(Data for the task begins)
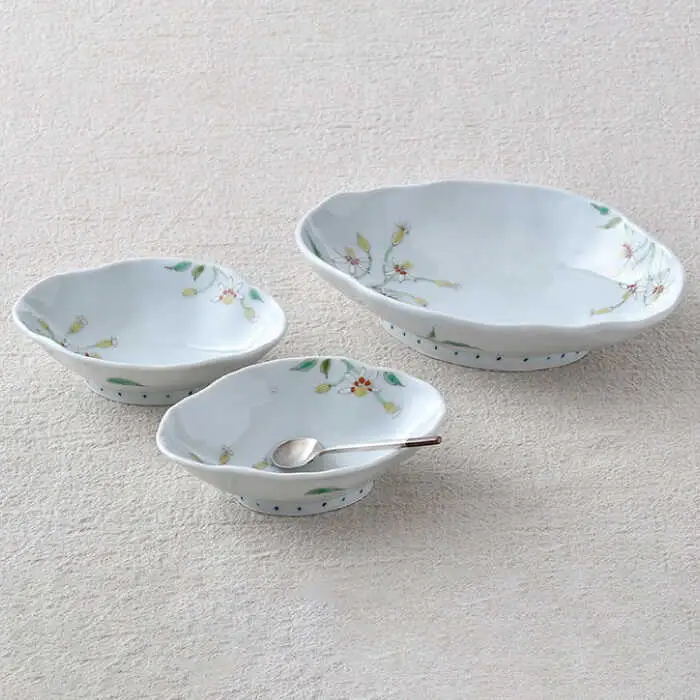 【波佐見焼】仙人草 深鉢・小鉢 3点セット 食器 皿 【藍水】 [GB33]  波佐見焼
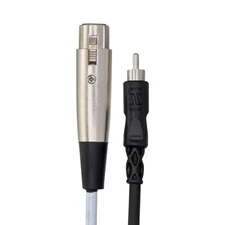 Hosa XRF-110 Unbalanced Interconnect XLR Female to RCA Male Patch Cable, 10'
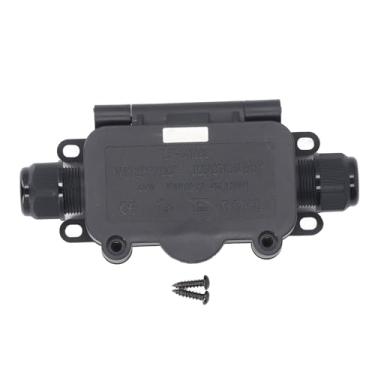 Imagem de ZAWELIYO IP68 Caixa de Junção de 2 Vias à Prova de água Externa, Caixa de Cabo de Alimentação Elétrica Externa, Conector de Cabo Subterrâneo, para Iluminação de Paisagem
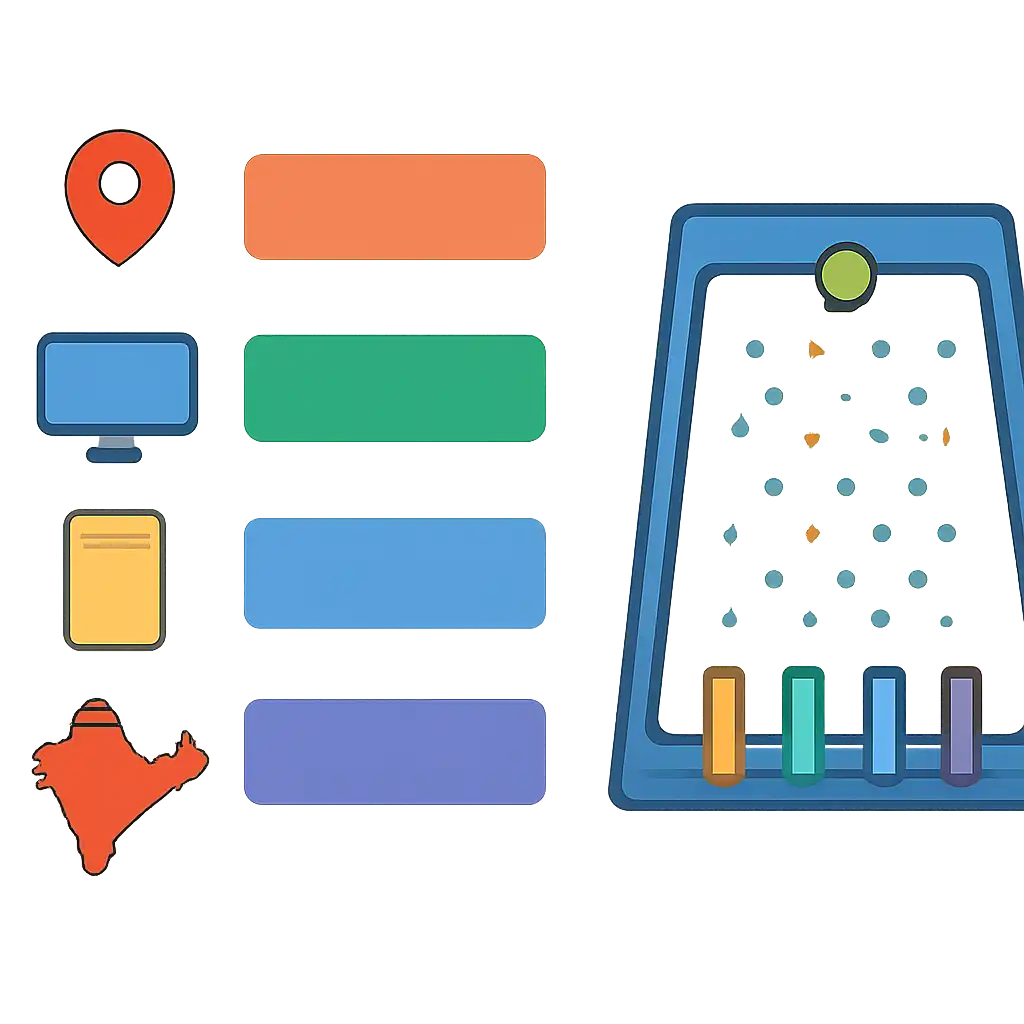 Infographic comparing options using coloured bars and, Where to Play Plinko Game in India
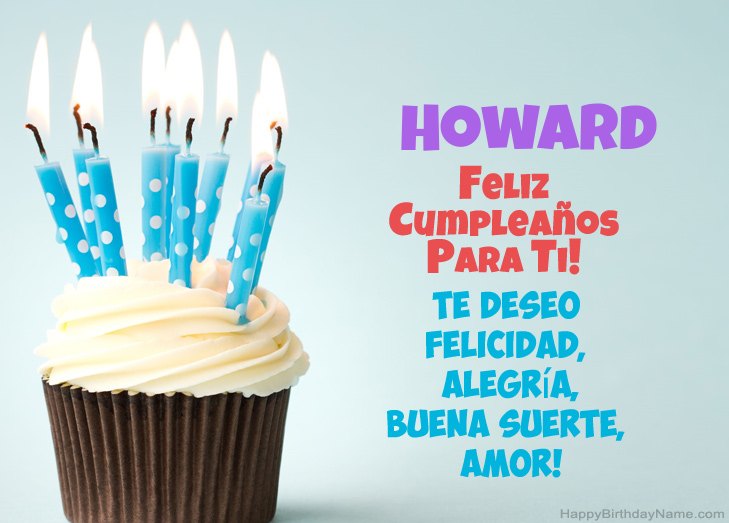 Felicitaciones por el feliz cumpleaños de Howard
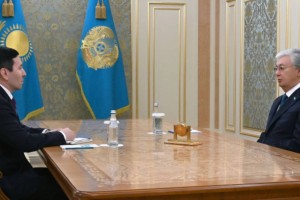Токаев принял председателя правления компании «Самрук-Қазына»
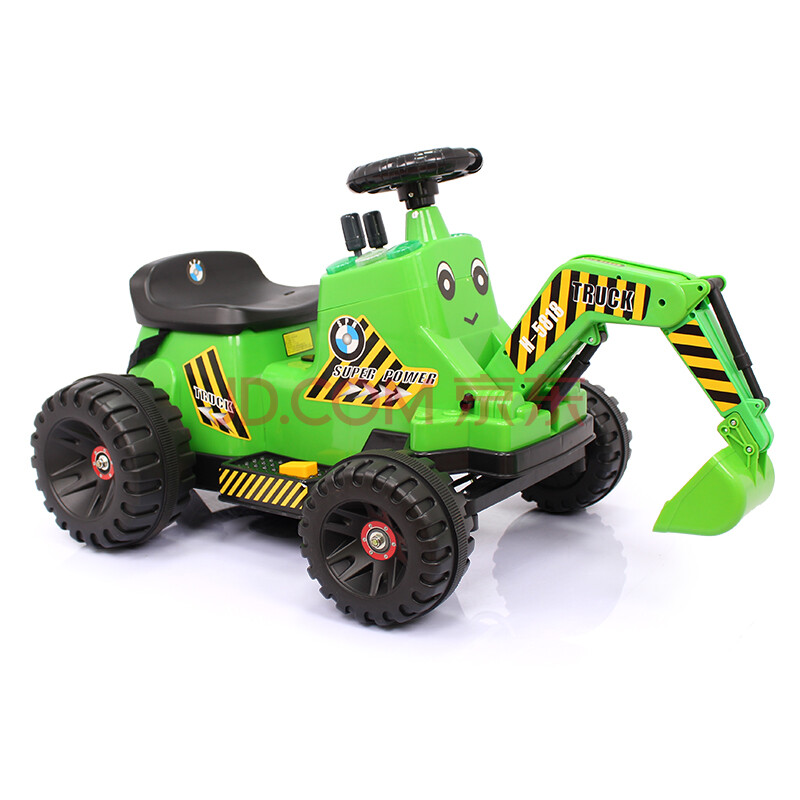 儿童电动挖掘机 可坐可骑小孩挖土机 电动玩具车挖掘车 超大号工程车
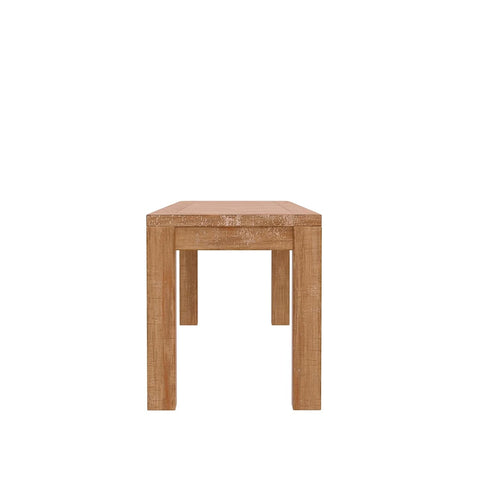 Alpine Furniture Aiden Solid Pine and Plywood Dining Bench, Weathered Natural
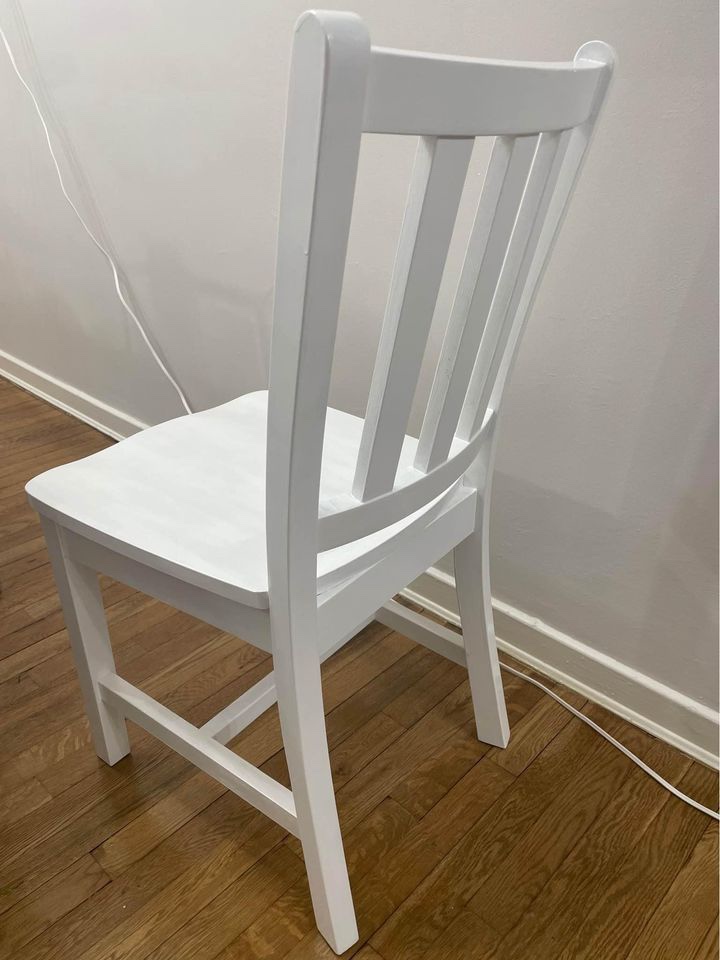Painted White Chair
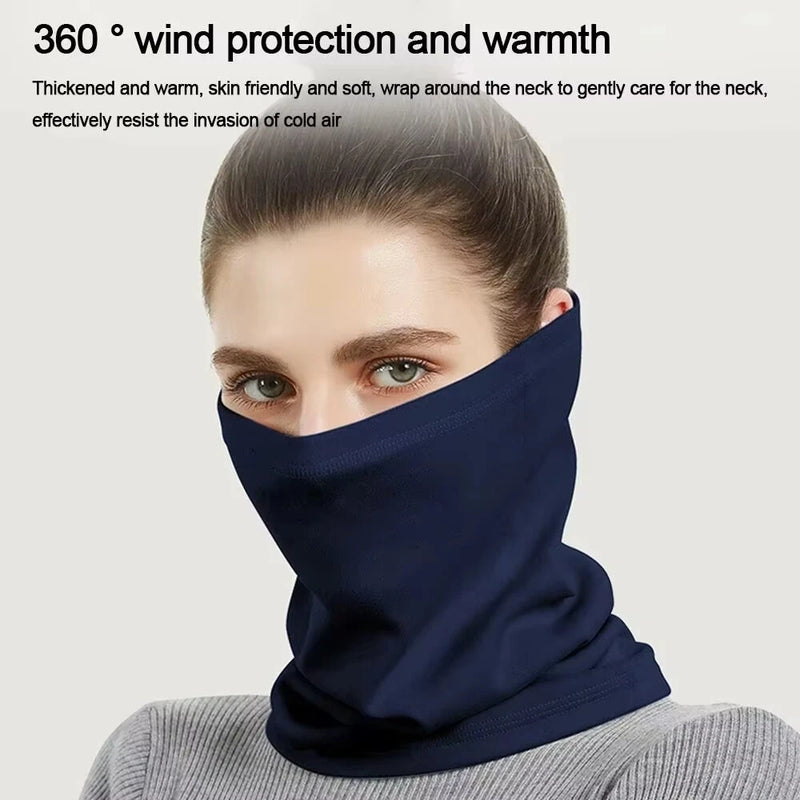Golovejoy Winter Thermal Cycling Mask Men Women Outdoor Sports Windproof Dustproof Velvet Warm Neck Cover Scarf for Ski Hiking Riding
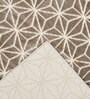 Geometric Pattern Polypropylene 5 x 2 Feet Machine Made Runners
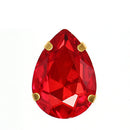 Teardrop Colorful Glass Sew On Rhinestones With Gold Claw Handicrafts sew on Stones For Garment clothing accessories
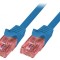 Patch Cord Ethernet Cat6 Albastru 0.5m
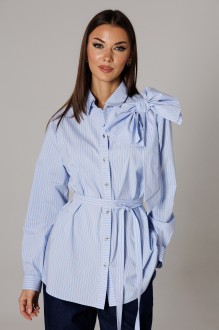 Блузка Ларс Стиль 1181 голубой #1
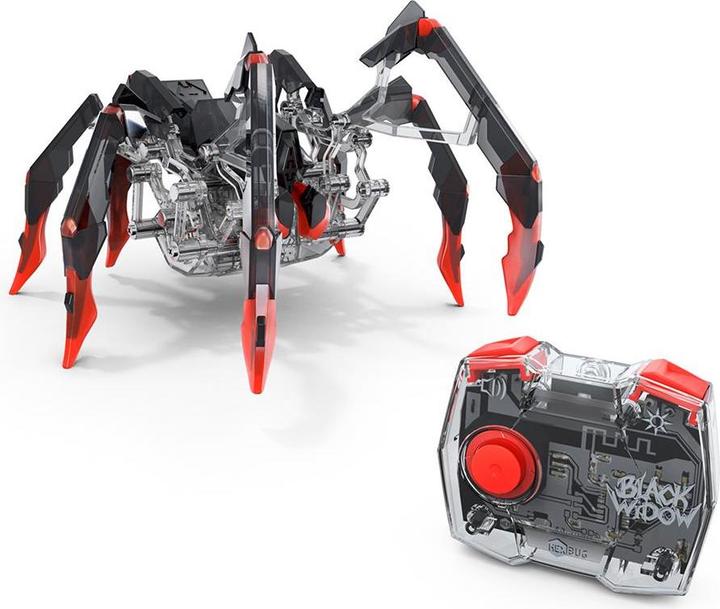 Hexbots HEX interaktives Spielzeug Black Widow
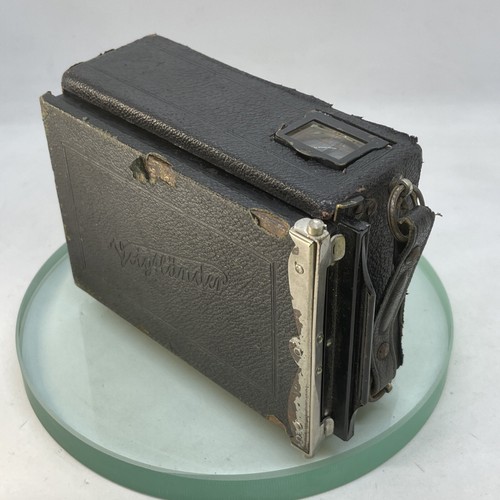 Antike Vintage Voigtlander Bergheil Klappkamera 10x15 cm Doppelverlängerung 371 - Bild 11 von 12
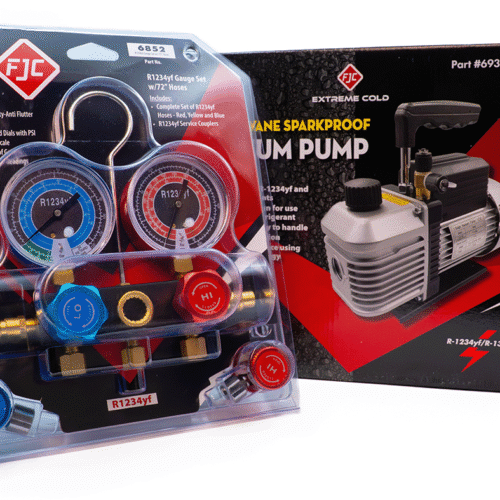 9281yf Vacuum Pump and Gauge Set for R-1234yf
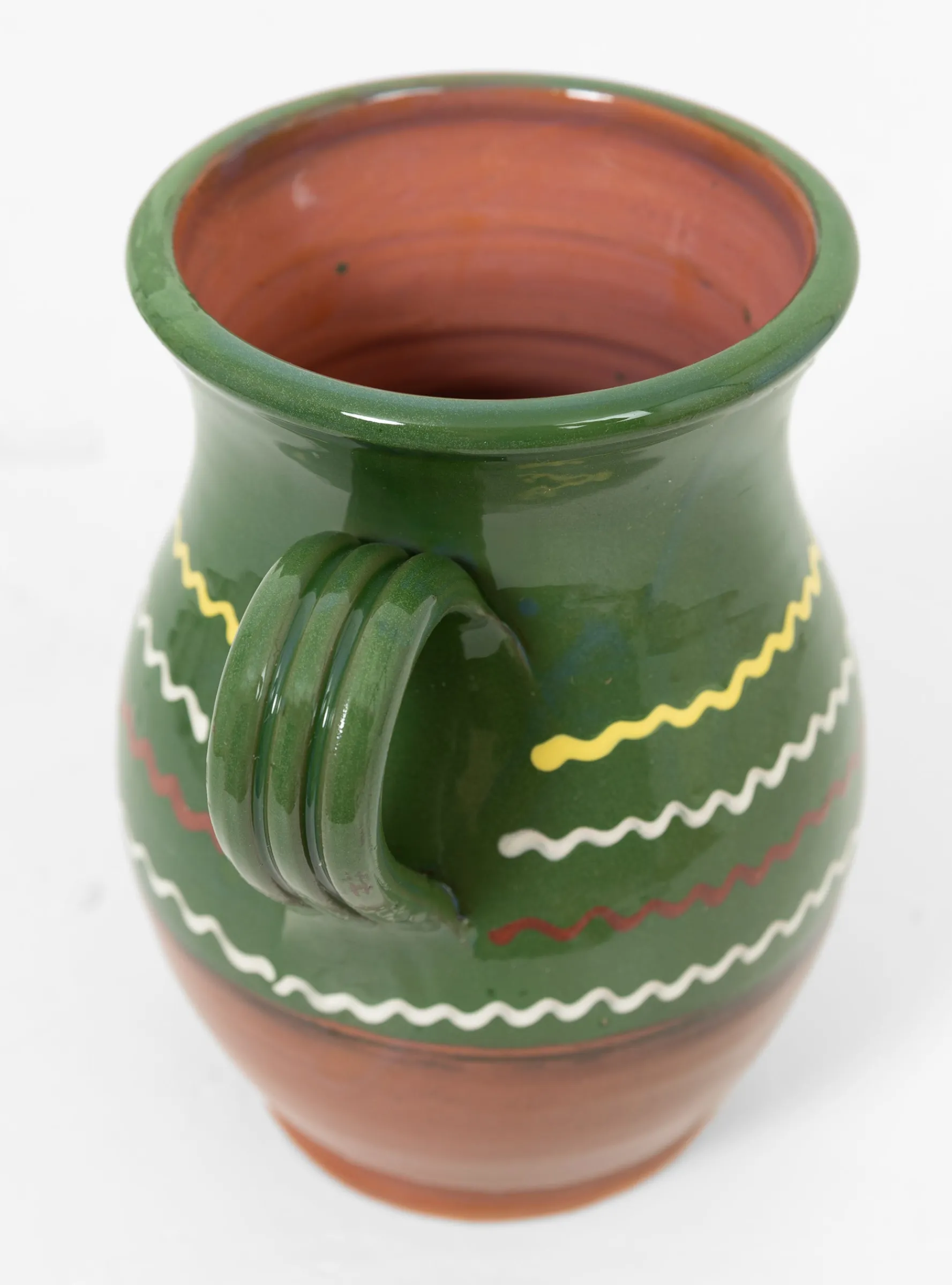 Curved Vase Sage<Casa De Folklore Best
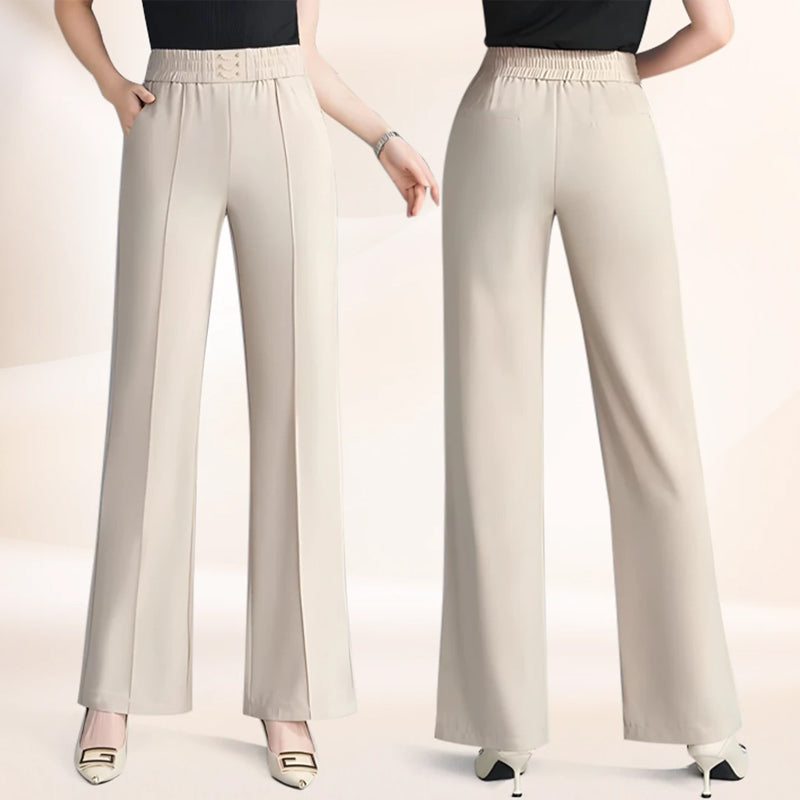💎  -50% PREMIUM DEAL Elegante High-Waist Wide-Leg Hose für Damen – edler Stoff, schlank machender Schnitt & zeitlos chic 👖✨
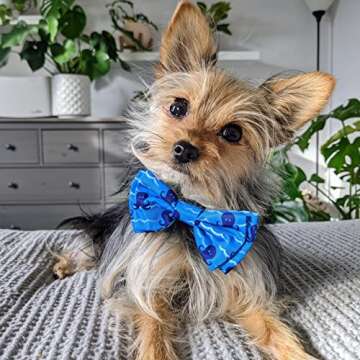 Huxley & Kent Bow Tie for Pets | Octopus Garden (Large) | Bow Tie Collar Attachment | Fun Bow Ties for Dogs & Cats | Cute, Comfortable, and Durable | H&K Bow Tie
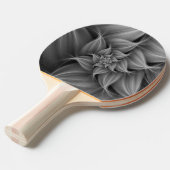 Raquette De Ping Pong Superbe fleur grise fractale (Devant Angle)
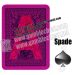 XF Modiano golden trophy marked cards with invisible ink for poker cheating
(Data for the task ends)
__What is needed__.
Give again, exactly, the lines starting at the first entry above and ending at the line with "Imagem de ZAWELIYO"; please leave pictures out.

__Response__.
 【波佐見焼】仙人草 深鉢・小鉢 3点セット 食器 皿 【藍水】 [GB33]  波佐見焼
 Hosa XRF-110 Unbalanced Interconnect XLR Female to RCA Male Patch Cable, 10'
 Imagem de ZAWELIYO IP68 Caixa de Junção de 2 Vias à Prova de água Externa, Caixa de Cabo de Alimentação Elétrica Externa, Conector de Cabo Subterrâneo, para Iluminação de Paisagem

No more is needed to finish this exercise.